Bob’s self- entitled bravado allowed him to cement himself as one of the family members rather than a member of the team. It was no longer a professional relationship when he started using Paul’s personal items and helping himself to food in the fridge. It was taking a toll on my mental health and I blamed myself for letting it go on as long as it did.
Bob’s cracks were widening and things became so out of control that I had no choice but to quit my job and become the full-time, unpaid, team- leader that I am now. Bob’s reign of terror came to an end when I finally spilled the beans of his behaviour to his superiors (who were equally as blindsided as I was.) They removed Bob from Paul’s program. It took a very long time for me to forgive Bob. I warned other team members of Bob’s actions and slowly, the team re-grouped, banded together, lifted each other up just as a team should. I made it clear to the team that we were ALL leaders. Not one of us is better than the other. We each bring something unique and valuable to the team and it’s why we work so well together. That is why we are so warmly regarded as the “elite squad” of support workers. I love that it feels like Paul is being looked after by his friends. People who genuinely love the work they do. People who can share in our trials and tribulations. They cry tears of joy when something profound happens and tears of despair when we are floored.

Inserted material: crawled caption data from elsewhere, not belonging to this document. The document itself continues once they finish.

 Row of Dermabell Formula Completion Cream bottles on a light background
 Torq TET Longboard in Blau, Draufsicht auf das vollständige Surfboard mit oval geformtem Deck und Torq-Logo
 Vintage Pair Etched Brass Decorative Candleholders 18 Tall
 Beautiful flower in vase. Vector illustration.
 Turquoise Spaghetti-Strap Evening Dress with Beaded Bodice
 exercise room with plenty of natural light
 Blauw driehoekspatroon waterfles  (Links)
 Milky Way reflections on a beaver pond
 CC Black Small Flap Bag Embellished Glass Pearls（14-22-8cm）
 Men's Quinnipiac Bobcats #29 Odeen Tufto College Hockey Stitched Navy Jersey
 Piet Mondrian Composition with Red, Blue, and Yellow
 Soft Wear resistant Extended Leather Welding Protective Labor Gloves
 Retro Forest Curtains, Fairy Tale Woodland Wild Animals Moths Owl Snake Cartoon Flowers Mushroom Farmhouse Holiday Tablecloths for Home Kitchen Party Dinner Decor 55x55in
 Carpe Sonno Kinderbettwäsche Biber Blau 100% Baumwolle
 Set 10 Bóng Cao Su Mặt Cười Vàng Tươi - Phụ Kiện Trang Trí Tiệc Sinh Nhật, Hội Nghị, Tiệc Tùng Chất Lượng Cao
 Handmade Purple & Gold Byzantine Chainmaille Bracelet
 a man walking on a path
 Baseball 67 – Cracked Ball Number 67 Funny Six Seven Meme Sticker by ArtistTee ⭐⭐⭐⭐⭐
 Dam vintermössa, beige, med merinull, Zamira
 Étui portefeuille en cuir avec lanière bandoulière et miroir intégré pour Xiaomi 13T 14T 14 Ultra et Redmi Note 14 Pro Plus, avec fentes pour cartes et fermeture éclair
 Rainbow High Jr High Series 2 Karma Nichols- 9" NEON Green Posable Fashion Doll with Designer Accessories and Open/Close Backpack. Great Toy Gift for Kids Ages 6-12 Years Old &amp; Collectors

So I have a special message for the Bob’s of the world and to the Bob who taught me a valuable life lesson. THANK YOU. Thank you for teaching me and my team how NOT to behave. Thank you for being an example of the type of human that needs our love and prayer in this world. Thank you for opening my eyes because now I know what to look for in a support worker and what to avoid. You have my endless gratitude for not EVER allowing ANYONE to EVER do that to me again. I am stronger because of you. I am wiser because of you. I hope you get the help, love and support you need in this world. Good luck to you. God Bless.